The worry of financial analysts, and our finance minister no doubt, is compounded, as Finn Poschmann a vice-president at the C.D. Howe Institute noted, by the fact that "Since 2007, Canadian banks have increasingly come to the covered bond market with bonds backed, in whole or in part, by mortgages individually insured by the Canada Mortgage and Housing Corporation. This insurance cover boosts the surety of the bond pool, and marginally lowers the banks’ cost of capital and, arguably, perhaps lowers the cost of homebuyers’ mortgages.

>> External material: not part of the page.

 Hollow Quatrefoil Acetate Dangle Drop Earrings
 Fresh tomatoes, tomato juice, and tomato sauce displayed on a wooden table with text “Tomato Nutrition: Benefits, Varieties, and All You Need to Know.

But an otherwise functioning financial market also gains government and taxpayer participation, and risk exposure, to uncertain net benefit."

While he, of course, is looking at it from the perspective of the bankers, as he makes clear there are dangerous historical antecedents for this situation, and the government and taxpayers are, as Poshmann puts it "exposed".

This is an understatement.

In the end, this is a direct lesson in how governments help to create the conditions in which the present European style austerity regime becomes "necessary". The Canadian government, to aid with bank liquidity in 2008, to generate a kind of short-term, politically popular, but relatively high risk form of stimulus by loosening the reigns on personal credit accessibility and aiding very directly in the rise of the highly overheated Canadian housing market, and to help to sustain a middle-class fantasy that everyone should be able to afford a home even when we live in a system where this is not possible unless and until the government gets into the business of building and regulating housing as opposed to being the agent that props up the riskiest end of the entire housing sector, that of credit, has put us all at risk by underwriting the "exposure" of the banks themselves.

The government has chosen the most bank friendly model of "intervention" in the housing market; they don't build affordable housing for all, rather they allow the banks, at no risk to themselves, to put citizens into unsustainable levels of personal debt to own what is completely unaffordable housing.

If a real housing correction occurs, and if it results in an entirely predictable and at least somewhat likely wave of foreclosures and defaults, and if the government is forced to cover even a relatively small proportion of the near $600 billion in insured mortgages, the cuts of recent federal budgets will look like happy times with hindsight. The economic "side-effects" will also be devastating.

Even if this is a bullet that we do manage to dodge, Canadians need to ask themselves if the role of their government and their taxes is to fund social programs, health care, direct housing and infrastructure expenditures, or if it is to put all of these necessities at risk by removing actual market and risk factors from the mortgage business for the big banks by insuring and taking on liability for their loans and the lifestyle of a certain segment of the population, potentially on the backs of all Canadians.